Tuesday, March 21, 2017

New Signing!


Am happy to announce that I have sold my fourth nonfiction picture book to Karen Boss at Charlesbridge. Can't say anymore, except it comes out Summer 2019. 

kidlit411.com



Saturday, March 4, 2017

Book Review


In 1947, Jackie Robinson became the first African American to play for a major league baseball team. But Robinson’s debut with the Brooklyn Dodgers didn’t mean the sport was instantly desegregated. Twelve years passed before the final holdout, the Boston Red Sox, hired Elijah “Pumpsie” Green, its first black player.
In Waiting for Pumpsie, Barry Wittenstein and illustrator London Ladd explore one fictional African-American family’s emotions as they await the day a black player will join their beloved Sox.
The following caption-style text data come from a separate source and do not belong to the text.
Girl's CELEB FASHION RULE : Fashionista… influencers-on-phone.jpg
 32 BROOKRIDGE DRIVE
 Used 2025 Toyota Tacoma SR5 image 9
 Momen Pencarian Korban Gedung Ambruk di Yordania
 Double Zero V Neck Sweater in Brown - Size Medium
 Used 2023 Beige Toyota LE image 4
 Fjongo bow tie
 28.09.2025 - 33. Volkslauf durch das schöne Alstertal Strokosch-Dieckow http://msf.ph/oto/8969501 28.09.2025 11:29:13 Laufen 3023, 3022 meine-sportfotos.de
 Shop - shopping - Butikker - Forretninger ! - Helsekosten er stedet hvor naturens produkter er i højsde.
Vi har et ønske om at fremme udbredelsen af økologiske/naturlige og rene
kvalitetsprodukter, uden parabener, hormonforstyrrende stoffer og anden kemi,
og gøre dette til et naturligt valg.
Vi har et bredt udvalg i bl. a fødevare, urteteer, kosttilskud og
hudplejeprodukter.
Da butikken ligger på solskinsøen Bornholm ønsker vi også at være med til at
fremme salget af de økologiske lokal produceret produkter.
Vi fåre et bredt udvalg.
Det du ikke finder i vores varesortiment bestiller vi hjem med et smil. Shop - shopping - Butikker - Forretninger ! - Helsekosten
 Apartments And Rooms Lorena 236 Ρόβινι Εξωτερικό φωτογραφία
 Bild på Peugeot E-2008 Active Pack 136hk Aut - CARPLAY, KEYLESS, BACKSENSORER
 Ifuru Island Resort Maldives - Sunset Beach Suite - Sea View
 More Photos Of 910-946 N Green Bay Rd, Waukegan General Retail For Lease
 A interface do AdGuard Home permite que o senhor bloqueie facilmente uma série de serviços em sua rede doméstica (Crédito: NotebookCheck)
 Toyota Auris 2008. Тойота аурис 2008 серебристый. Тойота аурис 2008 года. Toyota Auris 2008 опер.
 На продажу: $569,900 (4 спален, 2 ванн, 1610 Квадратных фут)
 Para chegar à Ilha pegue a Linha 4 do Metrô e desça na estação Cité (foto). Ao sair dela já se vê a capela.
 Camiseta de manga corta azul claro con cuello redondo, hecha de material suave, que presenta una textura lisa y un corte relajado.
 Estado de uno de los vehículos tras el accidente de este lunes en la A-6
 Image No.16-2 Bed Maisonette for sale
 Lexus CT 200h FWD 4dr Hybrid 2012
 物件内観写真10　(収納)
Through the eyes of Bernard, a baseball-obsessed boy, readers experience the conflicting emotions many Red Sox fans felt: “We always want the Sox to win. But Mama says we gotta root for all the colored players, no matter what team they’re on.” Bernard’s voice feels real and timeless, while Ladd’s illustrations bring late 1950s Boston to life.
Waiting for Pumpsie is an introduction to Pumpsie Green and an important chapter in sports history. It is also a very human look at a family’s complex relationship with the sport they love.
-Dorothy A. Dahm, posted 3/3/17

Book Review

Why I Like This Book

I love books that give young readers a slice of history encapsulated in an engaging story.  One of the best things about this book is Bernard’s voice.  Although he’s a fictional character, he feels real.  He sounds believable.  His enthusiasm for baseball in general and the Red Sox in particular comes through clearly, along with his acute awareness that his team is the only holdout in the major leagues – the only team that has yet to play an African-American.  When at last Pumpsie Green gets his chance, helping the Red Sox to a win, Bernard and his family are there to witness the historic moment.  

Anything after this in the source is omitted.